» **What you are asked to do**: Only a slice of the listing below is wanted. Retype the lines from the one containing "Crystalex Bohemia Skleničky" through the one containing "Emblem stiker logo", exactly, both ends included.

» **Exercise inputs**:
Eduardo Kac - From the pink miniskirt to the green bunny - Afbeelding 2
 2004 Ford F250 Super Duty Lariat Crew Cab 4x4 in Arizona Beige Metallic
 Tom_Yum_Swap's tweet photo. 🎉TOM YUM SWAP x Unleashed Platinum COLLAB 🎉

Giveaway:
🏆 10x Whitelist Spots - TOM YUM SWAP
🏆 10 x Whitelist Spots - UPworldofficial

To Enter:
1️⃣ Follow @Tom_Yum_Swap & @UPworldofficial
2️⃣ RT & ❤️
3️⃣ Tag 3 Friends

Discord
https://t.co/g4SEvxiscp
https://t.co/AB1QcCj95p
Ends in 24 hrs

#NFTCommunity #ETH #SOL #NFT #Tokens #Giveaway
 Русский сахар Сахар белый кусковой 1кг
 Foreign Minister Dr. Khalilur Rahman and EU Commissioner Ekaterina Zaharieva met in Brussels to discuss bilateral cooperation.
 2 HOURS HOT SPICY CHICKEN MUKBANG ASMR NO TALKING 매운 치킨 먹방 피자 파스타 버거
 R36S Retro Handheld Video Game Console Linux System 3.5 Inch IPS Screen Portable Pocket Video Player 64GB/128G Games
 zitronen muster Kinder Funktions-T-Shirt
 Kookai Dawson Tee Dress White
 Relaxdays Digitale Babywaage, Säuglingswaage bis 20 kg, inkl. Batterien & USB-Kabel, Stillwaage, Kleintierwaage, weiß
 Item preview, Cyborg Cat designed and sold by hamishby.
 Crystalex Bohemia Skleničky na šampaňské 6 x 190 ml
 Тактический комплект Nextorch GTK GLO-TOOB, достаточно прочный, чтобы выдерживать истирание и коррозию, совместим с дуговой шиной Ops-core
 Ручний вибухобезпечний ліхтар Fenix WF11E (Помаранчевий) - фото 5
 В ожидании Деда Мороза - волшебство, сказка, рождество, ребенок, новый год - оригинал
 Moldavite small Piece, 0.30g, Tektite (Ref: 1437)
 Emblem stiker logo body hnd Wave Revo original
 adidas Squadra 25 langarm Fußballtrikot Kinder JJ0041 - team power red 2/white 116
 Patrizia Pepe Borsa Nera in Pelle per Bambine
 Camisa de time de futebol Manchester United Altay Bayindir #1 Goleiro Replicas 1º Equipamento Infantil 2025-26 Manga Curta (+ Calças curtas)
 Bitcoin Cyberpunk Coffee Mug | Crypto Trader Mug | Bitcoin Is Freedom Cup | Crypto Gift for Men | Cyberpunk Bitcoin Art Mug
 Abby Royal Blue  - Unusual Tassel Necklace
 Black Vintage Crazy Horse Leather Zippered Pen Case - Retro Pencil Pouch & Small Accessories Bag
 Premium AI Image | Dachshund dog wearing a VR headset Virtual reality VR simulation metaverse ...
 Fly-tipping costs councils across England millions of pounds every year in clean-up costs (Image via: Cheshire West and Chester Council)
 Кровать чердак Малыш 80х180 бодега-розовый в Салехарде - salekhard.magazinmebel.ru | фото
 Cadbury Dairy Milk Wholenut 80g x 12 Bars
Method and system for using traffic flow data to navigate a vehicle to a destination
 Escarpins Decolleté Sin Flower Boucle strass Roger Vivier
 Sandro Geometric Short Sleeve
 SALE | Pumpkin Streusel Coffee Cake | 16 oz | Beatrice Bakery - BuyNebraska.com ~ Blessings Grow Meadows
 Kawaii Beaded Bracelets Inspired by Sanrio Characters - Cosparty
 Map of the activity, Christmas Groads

» **Answer for this exercise**:
 Crystalex Bohemia Skleničky na šampaňské 6 x 190 ml
 Тактический комплект Nextorch GTK GLO-TOOB, достаточно прочный, чтобы выдерживать истирание и коррозию, совместим с дуговой шиной Ops-core
 Ручний вибухобезпечний ліхтар Fenix WF11E (Помаранчевий) - фото 5
 В ожидании Деда Мороза - волшебство, сказка, рождество, ребенок, новый год - оригинал
 Moldavite small Piece, 0.30g, Tektite (Ref: 1437)
 Emblem stiker logo body hnd Wave Revo original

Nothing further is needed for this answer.